Cuma akşamı başlayan Limoud 2011’de Ortodoks, Massorti ve Liberal cemaatlerinin ayrı Şabat duaları çok sesliliği en güzel şekilde temsil ediyordu. Hafta sonu boyunca bütün eğilimleri, bütün nesilleri, bütün akımları biraraya getiren bu çeşitlilik oldukça hoştu. Hiç bir politik veya dini amaç gütmeden öğrenme paydasında buluşulan tarih, sanat, yemek, şarkı, dans, cemaat, felsefe, gelenek, maneviyat, Yahudi hayatı, Yahudi kimliği başlıklarında öğrenmek ve keşfetmekle dopdolu bu Yahudi öğretisi karnavalı, aklın ve ruhun festivaline dönüştü.

LIMOUD’da neler neler vardı…

Rock’dan latin caza konserler dinlendi, klezmerden İsrail folklörüne koro çalışmaları yapıldı. İbranice öğrenmek, tartışmak ve pratik yapmak isteyenler lisan derslerine katıldı. Kimi poker oynamanın inceliklerini keşfederken kimileri emprovist tiyatro yaptı, kimi ‘Awakened Heart Project’ kapsamında Yahudi meditasyon atölye çalışmasına katıldı. İsrail ordusunun savunma taktikleri Krav Maga öğretildi. Havrouta’da ikili tartışmalar yapıldı. Kimi Küba salsasının kıvrak figürlerini öğrenmeye çalışırken Avustralyalı McLean’in ‘şarkı söylemenin fiziksel ve ruhsal iyileştirici niteliği’ni ispat eden çalışmasına temel alan grup Shlomo Artzi’nin şarkılarını öğrendi. Çiçek aranjmanlarıyla Purim’e hazırlananlar Yahudi hat sanatını öğrenenlerle yaptıklarını paylaştılar. İspanyol ve Portekiz Yahudilerinin melodilerine kulak verip eşlik eden bir gruba yan salonda Bob Dylan’dan Leonard Cohen’e rock müziğinde Yahudi kökleri araştırılan grup öğrendiklerini anlattı. Çoğunlukla anlamadan/düşünmeden söylediğimiz dualarin anlamı üzerine kafa yoruldu. Herzl’den Şimon Peres’e Siyonizm irdelendi. Fransa’daki Yahudi kurumlarının panaroması sergilendi. 
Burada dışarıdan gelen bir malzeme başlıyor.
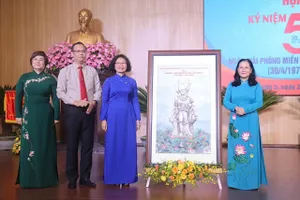 Đồng chí Nguyễn Thị Lệ trao quà đến Đảng bộ, chính quyền và nhân dân quận 5 nhân kỷ niệm 50 năm Ngày Giải phóng miền Nam, thống nhất đất nước. Ảnh: CẨM TUYẾT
Çocuklar 0-3 yaş arası Baby Limoud, gençler 4-12 yaş arası Jeunes Limoud ile kendileri için özel hazırlanmış programlara katıldılar.

Amerikalı Haham Shmuley Boteach’in ‘Kosher Sex’ ve ‘Wrestling with the Divine’ kitaplarından yola çıkarak pozitif psikoloji ile nasıl mutlu oluruz’ öğretisine Haham Harold Kushner’in ‘Niye kötü şeyler iyi insanların başına gelir?’ tartışması eklendi. ‘Bir hahama asla sormadıklarınızı sorun’ platformunda ilginç sorular yöneltildi.
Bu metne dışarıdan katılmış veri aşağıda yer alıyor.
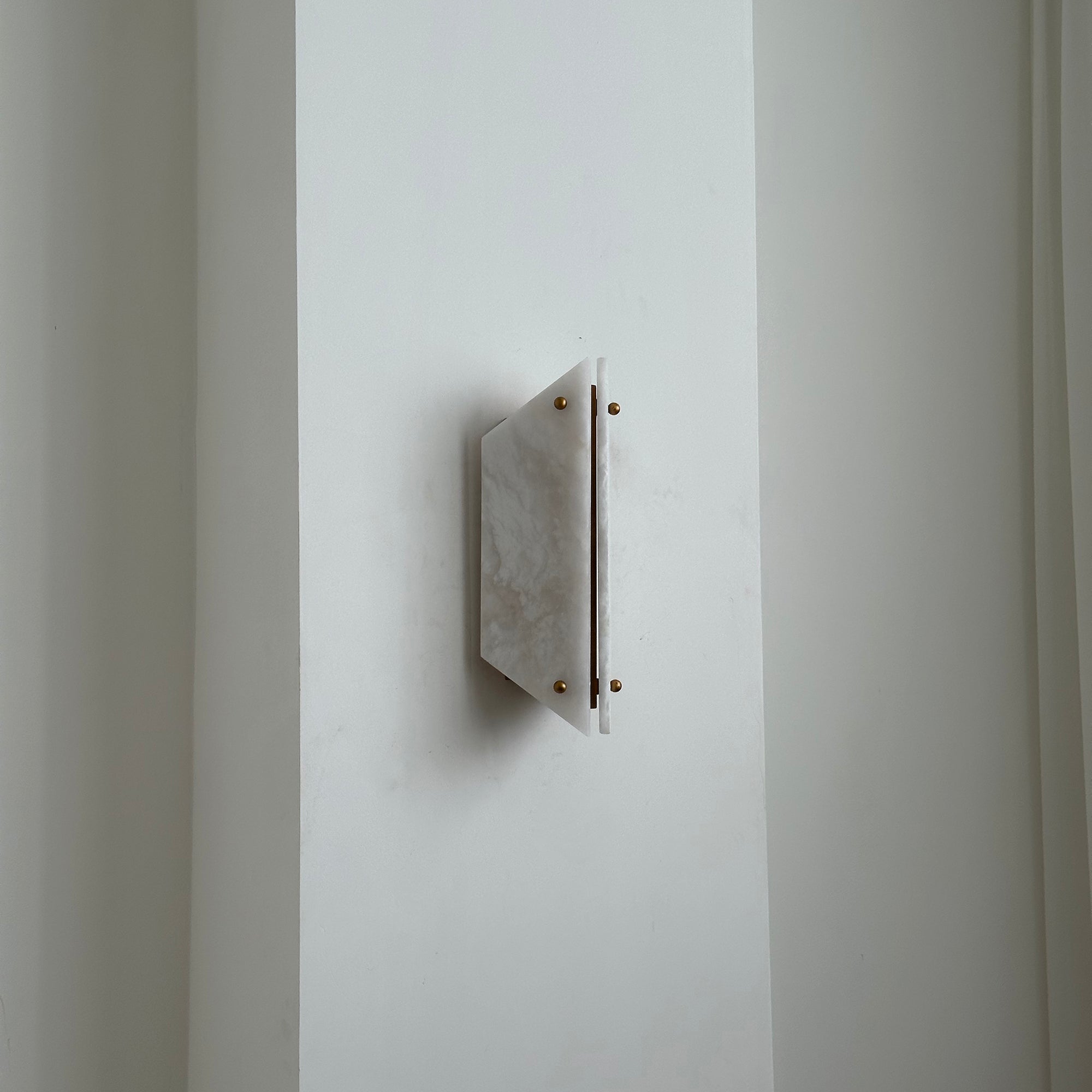Terianelle Wall Lamp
Kimlik tartışmaları hiç bitmeyen bir konudur Fransa’da. Bu kapsamda katıldığım 21. yüzyılda hem Yahudi, hem Fransız ve hem Avrupalı vatandaş olunabilir mi, her birey mesleki, ailevi ve derneksel yaşamıyla bu denkleme nasıl katkıda bulunabilir ve Fransız Yahudi Cemaati gerekeni yapıyor mu tartışması etkileyiciydi. Medyada geniş yer alan ‘Pour un İslam de France’ kitabının yazarı, yurtdışı kaynaklı radikal İslamın yükselişi ve burka’ya karşı söylemleri nedeniyle ölüm tehditleri altında yaşayan Drancy camisinin imamı Hassen Chalghoumi Fransız İslamı konusunda fikirlerini paylaştı.
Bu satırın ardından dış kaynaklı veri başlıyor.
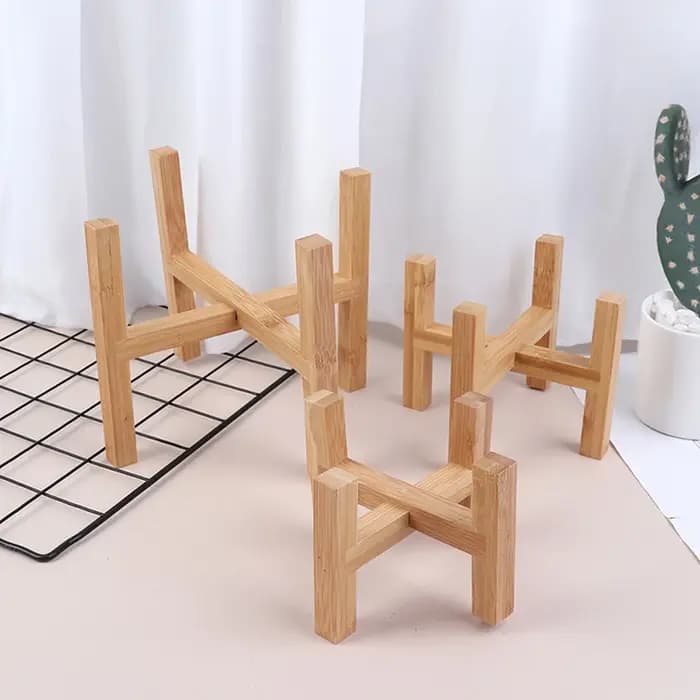 Présentoir de jardinière sur pied d'intérieur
Marine Le Pen’in partisi Front National’ın son anketlerde hızlı yükselişe geçtiği şu günlerde en geniş katılımlardan birini sağlayan konferans, antropolog Dailly’nin FN’ın içine sızarak militanlar arasında yaptığı üç yıllık araştırmanın sonuçlarını ve kendi hayatına etkilerini içtenlikle paylaştığı son bölümdü.   

Nereye yetişeceğimi bilmeden, katılamadıklarımda aklım kalarak, yeni tanıdığım insanlarla paylaşımlarımın yanısıra beynimde, kalbimde, ruhumda yeni bilgiler, yeni düşünceler, yeni açılan kapı ve pencereler, yeni bakış açılarıyla zenginleşmiş Ury’den ayrılırken Limoud’un sloganı ‘ancak birlikte inşa edebiliriz’ ileNobel Barış Ödülü sahibi Albert Schweitzer’in sözü kulaklarımda çınlıyordu: ‘’Mutluluk, paylaşıldığında ikiye katlanan tek şeydir.’’

*İngilizce versiyon Limmud’a Fransızlar Limoud, katılımcılara da Limoudnik(e) diyorlar.